Tuesday, June 15, 2010

When Everybody Knows the Playbook

Well, it looks like we dodged the S&P 500 Index at 1,040 sell bullet. The market has bounced nicely from that level and is currently trading at 1,094. I always wonder what it means when institutional investors are all looking at the same charts showing the same resistance and support levels for the market. In this case, 1,040 was truly the last line of technical defense for the S&P to the downside and we have been writing that we would be reducing risk if the market closed below that price. Since everyone else was looking at the same chart, you wonder how much of the subsequent rally was a self-fulfilling prophesy…at least in the short-term.

Where does the playbook go from here? I believe that the same institutional investors who were playing for the rally off of the 1,040 level will now be looking for a classic summer rally. It is well known that the typical market cycle leads to the conclusion that investors should “sell in May and go away.” Perhaps a little less well known is the May sell-off is often followed by a relief rally in June and July. It is when you get to late summer that history suggests that extreme caution is appropriate. History is full of market swoons that begin in August and continue falling through September and October. So, looking at a chart it seems very clear that the current rally could take the market back to its 50-day simple moving average of 1,145, or even back to its April 23rd high of 1,217. If you get there on the rally…it’s time to sell. In a lousy year for stocks, who can afford to give up the next 10% to the upside if you can get in and get out?

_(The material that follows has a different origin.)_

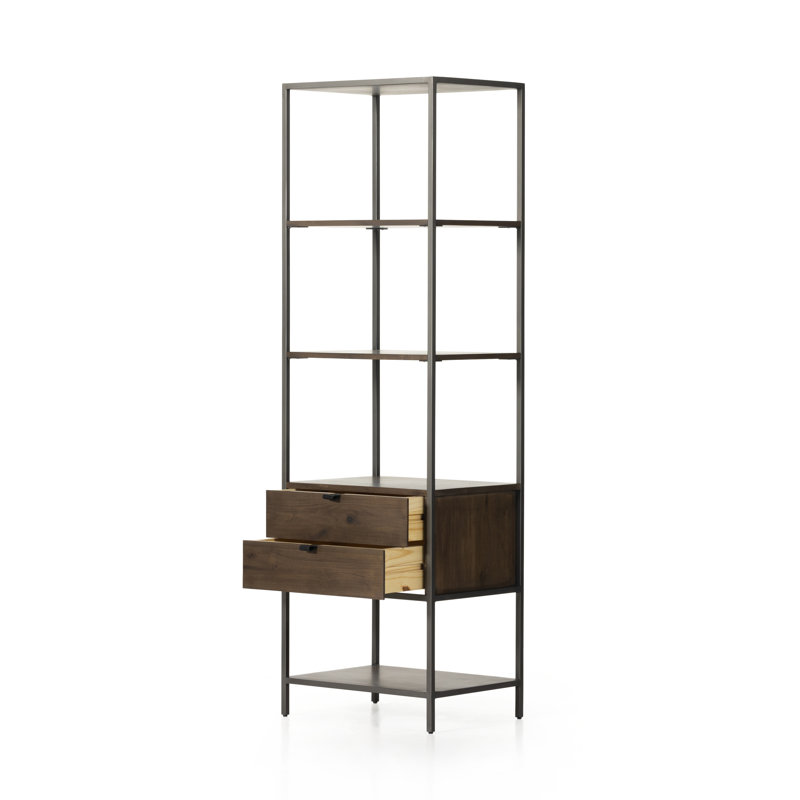 Trey Aasmin Bookshelf - Black Wash Poplar, Natural Iron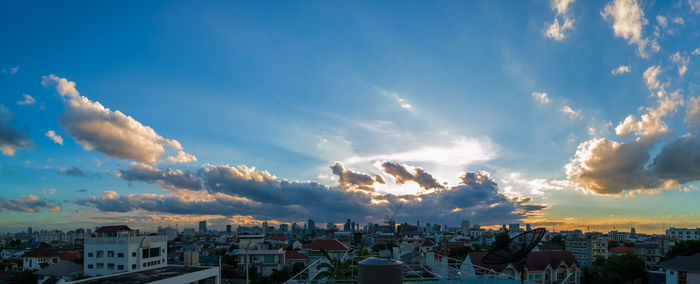 Cityscape against blue sky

So everyone will be playing chicken with everyone else, intently studying the “quality” of this rally (if it continues). In a perfect world we will see a rally in the euro, a sell-off in U.S. bonds and gold, and a return to market leadership in the late cyclicals in the U.S. market, meaning big gains for energy, materials, and industrials. If the rally plays out according to the playbook, then everyone will be looking to sell into it, hoping to catch as much of the gains as possible before we get to the late summer market doldrums and the outright fall market nightmares. The question is, if everyone knows the playbook, and institutional investors are trying to invest the same seasonal strategy while looking at the same market themes and levels of price support and resistance, doesn’t that completely invalidate the playbook? I know that we are cautiously playing for this summer rally. I also know that we won’t be surprised by a completely unexpected market move…in either direction.